● **Description of the task**
Give every line from the entries that contains "Casual".

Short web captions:
§
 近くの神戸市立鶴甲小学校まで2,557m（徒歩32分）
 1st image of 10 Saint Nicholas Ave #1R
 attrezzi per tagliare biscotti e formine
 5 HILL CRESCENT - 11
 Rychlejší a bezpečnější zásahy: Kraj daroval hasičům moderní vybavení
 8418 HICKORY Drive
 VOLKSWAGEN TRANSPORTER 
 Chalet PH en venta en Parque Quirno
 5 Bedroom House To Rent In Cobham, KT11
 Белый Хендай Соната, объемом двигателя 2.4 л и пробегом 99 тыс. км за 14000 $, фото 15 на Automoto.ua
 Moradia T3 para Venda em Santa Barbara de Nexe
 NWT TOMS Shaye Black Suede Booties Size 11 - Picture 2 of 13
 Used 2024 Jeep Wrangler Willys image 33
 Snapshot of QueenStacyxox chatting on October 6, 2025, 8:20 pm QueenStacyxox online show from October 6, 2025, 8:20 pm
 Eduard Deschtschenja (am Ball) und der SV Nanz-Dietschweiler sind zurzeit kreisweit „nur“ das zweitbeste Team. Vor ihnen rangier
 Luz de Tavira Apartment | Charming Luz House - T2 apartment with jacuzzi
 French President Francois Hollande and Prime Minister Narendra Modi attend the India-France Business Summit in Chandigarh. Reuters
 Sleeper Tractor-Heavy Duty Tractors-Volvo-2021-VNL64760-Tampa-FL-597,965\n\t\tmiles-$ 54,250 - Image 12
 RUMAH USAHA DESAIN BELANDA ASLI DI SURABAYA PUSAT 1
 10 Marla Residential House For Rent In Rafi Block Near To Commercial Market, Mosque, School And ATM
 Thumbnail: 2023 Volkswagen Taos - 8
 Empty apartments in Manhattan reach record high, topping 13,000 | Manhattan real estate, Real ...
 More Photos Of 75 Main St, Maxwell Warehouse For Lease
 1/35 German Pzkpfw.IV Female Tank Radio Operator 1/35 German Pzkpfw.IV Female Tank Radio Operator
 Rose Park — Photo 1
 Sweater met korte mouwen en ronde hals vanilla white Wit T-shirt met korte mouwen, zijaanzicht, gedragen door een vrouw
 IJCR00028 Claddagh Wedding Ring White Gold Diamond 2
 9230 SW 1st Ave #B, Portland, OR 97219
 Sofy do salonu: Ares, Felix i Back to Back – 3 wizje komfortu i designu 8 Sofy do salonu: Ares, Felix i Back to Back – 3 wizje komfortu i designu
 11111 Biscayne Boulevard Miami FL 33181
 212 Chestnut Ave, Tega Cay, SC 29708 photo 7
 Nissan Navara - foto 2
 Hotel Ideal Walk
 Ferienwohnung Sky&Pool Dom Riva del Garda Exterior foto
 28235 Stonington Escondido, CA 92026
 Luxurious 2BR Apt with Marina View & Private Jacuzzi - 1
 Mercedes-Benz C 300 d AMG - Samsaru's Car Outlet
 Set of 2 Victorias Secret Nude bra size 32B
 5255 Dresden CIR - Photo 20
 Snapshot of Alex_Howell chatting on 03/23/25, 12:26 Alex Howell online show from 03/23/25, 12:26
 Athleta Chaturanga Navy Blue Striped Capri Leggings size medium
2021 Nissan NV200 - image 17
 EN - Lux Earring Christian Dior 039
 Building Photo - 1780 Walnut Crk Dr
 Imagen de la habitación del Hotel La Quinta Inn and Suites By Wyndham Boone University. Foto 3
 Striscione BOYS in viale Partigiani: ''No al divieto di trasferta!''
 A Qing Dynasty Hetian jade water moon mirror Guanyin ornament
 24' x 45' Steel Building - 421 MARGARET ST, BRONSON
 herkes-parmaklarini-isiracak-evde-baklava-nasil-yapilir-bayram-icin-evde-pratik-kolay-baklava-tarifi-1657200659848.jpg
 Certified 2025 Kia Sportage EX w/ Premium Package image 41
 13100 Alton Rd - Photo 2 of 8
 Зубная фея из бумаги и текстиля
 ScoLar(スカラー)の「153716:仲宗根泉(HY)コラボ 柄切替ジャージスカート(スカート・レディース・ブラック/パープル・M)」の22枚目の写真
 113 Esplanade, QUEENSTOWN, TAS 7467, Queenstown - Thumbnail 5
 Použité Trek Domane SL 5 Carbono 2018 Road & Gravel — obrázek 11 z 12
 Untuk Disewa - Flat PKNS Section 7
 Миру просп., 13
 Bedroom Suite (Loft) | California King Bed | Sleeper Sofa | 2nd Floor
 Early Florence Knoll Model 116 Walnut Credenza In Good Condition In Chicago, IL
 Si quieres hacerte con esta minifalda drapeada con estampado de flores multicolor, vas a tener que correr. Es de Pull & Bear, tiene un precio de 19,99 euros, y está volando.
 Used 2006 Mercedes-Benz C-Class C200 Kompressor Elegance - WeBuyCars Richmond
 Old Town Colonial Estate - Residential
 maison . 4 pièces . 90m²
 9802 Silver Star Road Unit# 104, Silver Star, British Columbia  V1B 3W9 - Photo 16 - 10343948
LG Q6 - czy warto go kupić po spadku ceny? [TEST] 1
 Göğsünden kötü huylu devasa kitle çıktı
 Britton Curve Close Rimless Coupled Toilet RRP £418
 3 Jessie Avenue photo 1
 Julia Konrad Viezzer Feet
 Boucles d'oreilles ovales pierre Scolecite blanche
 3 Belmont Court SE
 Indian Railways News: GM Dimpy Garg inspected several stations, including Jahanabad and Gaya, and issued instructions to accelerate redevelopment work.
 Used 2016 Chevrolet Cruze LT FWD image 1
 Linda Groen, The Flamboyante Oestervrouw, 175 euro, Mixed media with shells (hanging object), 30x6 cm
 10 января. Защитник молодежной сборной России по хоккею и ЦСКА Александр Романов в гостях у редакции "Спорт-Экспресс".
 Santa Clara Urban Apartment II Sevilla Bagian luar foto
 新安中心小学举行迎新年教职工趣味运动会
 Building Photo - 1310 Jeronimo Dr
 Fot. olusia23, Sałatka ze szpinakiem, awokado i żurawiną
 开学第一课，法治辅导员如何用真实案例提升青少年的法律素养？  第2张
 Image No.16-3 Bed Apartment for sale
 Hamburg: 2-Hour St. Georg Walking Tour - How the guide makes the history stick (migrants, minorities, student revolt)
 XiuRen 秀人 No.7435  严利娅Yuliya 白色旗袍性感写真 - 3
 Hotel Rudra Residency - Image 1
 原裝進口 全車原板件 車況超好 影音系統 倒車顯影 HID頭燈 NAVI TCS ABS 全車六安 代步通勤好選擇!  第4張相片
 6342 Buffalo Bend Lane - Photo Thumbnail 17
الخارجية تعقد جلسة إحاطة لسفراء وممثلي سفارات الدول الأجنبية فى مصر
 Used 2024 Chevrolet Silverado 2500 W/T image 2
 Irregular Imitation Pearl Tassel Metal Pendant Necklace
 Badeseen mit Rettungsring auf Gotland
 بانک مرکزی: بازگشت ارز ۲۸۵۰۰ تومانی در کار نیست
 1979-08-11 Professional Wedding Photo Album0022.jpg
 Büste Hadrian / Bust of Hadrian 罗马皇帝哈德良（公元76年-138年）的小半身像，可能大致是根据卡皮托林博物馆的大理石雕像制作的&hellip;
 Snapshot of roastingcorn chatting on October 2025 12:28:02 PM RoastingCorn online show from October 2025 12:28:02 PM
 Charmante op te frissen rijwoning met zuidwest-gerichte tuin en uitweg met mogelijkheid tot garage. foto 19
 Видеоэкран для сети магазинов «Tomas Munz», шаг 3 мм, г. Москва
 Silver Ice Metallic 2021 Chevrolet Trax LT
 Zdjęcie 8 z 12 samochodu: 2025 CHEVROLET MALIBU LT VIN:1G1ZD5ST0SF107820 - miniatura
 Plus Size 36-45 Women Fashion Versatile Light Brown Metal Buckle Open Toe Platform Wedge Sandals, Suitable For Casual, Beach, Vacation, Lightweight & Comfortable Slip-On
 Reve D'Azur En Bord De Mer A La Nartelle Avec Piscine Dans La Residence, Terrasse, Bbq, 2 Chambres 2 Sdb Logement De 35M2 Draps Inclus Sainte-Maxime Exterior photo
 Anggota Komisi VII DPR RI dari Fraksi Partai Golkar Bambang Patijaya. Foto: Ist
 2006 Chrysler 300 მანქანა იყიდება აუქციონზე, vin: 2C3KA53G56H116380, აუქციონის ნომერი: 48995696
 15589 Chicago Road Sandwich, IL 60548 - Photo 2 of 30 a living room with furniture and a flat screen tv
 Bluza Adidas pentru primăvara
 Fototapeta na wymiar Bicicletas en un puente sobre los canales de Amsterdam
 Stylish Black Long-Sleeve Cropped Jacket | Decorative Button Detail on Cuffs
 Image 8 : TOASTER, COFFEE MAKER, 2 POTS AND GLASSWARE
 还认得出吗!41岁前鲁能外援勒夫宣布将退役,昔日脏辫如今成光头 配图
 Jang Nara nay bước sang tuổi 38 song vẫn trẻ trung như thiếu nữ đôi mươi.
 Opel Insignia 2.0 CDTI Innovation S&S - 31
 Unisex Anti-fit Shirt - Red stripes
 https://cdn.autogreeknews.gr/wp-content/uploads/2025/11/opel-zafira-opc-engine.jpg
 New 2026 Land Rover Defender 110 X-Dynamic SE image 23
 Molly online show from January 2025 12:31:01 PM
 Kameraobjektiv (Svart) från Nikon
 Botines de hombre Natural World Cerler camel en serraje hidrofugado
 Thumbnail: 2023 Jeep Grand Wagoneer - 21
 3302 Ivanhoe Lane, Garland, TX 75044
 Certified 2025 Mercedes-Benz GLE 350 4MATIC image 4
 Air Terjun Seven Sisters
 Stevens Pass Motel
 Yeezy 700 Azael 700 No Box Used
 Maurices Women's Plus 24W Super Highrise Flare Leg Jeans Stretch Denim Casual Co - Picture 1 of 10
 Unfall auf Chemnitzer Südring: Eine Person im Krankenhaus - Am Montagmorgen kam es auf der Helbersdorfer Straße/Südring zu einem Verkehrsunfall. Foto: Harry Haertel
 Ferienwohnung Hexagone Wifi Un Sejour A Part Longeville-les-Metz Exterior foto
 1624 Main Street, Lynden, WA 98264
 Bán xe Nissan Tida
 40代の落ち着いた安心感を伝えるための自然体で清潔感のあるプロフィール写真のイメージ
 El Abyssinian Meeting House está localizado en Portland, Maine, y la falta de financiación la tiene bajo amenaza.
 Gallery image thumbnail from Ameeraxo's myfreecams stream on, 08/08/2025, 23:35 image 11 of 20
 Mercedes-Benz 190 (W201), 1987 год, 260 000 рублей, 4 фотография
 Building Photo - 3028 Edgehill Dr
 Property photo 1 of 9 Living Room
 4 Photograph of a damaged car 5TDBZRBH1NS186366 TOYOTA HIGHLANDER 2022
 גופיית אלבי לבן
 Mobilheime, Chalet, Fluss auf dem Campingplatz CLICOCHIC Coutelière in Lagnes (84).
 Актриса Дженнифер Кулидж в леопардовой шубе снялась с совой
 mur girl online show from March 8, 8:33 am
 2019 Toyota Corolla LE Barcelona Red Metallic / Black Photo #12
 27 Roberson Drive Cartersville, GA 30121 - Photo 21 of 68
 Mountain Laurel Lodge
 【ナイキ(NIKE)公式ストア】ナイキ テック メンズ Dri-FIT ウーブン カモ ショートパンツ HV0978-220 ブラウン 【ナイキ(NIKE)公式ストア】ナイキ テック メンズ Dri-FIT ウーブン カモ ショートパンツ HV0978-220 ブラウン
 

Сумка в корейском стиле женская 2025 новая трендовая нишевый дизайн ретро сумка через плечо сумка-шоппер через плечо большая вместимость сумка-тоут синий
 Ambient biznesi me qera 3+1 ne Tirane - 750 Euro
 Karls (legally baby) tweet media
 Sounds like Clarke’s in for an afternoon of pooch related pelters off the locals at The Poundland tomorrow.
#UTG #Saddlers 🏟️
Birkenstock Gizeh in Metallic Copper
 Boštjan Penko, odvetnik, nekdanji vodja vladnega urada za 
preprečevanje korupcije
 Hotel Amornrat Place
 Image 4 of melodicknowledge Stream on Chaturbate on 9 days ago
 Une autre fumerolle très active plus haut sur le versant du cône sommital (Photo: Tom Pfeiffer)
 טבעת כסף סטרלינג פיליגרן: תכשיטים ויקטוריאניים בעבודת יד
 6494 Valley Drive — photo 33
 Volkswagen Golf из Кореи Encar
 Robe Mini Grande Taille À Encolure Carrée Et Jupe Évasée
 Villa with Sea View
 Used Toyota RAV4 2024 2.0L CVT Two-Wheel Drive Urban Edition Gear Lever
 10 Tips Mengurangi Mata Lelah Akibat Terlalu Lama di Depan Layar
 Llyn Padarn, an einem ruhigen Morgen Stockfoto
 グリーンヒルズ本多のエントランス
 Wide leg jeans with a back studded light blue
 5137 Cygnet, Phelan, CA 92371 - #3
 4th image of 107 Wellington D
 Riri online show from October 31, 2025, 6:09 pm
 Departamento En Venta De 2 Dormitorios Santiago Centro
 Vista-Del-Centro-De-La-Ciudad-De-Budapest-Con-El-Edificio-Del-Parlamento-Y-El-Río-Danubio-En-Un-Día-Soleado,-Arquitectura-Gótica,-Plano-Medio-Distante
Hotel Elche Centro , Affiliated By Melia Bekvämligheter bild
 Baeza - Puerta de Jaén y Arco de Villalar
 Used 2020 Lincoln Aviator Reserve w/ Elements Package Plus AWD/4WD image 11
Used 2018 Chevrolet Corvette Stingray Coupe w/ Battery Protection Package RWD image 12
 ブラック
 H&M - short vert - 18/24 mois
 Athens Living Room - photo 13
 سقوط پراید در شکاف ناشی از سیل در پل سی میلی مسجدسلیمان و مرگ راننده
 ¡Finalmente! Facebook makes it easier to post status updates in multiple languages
§
● **Task answer**
 Plus Size 36-45 Women Fashion Versatile Light Brown Metal Buckle Open Toe Platform Wedge Sandals, Suitable For Casual, Beach, Vacation, Lightweight & Comfortable Slip-On
 Maurices Women's Plus 24W Super Highrise Flare Leg Jeans Stretch Denim Casual Co - Picture 1 of 10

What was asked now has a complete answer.